In a petition to the PUC, Consumer Watchdog wrote, “allowing PG&E to be the only decision maker with authority over the hardware, locations and pricing of this EV charging network will result in little to no incentive to keep costs low, particularly when these costs are being passed along to ratepayers. Nor can we trust PG&E, which is the subject of ongoing scandal, to give consumers access to the most advanced technology for the least amount of money.”
To read the petition, see: http://docs.cpuc.ca.gov/PublishedDocs/Efile/G000/M148/K825/148825650.PDF
The letter continued that, "PG&E’s proposal would pass through the estimated $653.8 million cost of the program to all ratepayers in their service territory, which covers most of central and northern California.

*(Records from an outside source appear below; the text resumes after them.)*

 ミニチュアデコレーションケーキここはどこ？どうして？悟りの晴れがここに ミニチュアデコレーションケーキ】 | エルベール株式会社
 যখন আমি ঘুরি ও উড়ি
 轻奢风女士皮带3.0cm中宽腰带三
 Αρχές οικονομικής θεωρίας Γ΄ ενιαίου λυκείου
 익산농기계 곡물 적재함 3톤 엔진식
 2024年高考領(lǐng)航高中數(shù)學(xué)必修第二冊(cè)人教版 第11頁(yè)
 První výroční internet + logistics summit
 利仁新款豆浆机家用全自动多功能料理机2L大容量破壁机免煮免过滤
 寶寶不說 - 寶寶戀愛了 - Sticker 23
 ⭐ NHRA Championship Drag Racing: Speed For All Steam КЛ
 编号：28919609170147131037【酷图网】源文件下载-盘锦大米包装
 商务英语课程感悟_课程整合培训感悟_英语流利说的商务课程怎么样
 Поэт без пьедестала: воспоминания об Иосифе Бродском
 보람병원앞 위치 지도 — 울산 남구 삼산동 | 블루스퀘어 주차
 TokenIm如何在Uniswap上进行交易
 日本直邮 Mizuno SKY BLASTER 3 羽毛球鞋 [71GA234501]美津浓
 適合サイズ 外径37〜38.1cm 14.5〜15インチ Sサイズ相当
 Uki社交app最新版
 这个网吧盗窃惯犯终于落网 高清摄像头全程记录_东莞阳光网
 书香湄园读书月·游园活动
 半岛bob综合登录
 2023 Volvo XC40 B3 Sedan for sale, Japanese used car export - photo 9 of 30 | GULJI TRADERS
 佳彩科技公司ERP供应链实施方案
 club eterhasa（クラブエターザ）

“PG&E will be using this enormous investment to enter into a market activity in which it has no previous experience. That creates real financial risk for ratepayers and real risk of an inappropriate, one-size-fits-all result of station infrastructure with limited features for both those who install stations and those who use them.”
"Ongoing scandals involving the PUC and PG&E also do not instill confidence that regulators will make sure the utility installs the best technology for the best price," the letter said.
“Judging by thousands of emails made public that show PG&E actually dictated to the PUC what safety directive it should receive in the wake of the deadly San Bruno gas pipeline explosion, what’s to guarantee that PG&E will develop a plan that enables customer choice and advances the best technology without unnecessarily burdening ratepayers?" Consumer Watchdog said.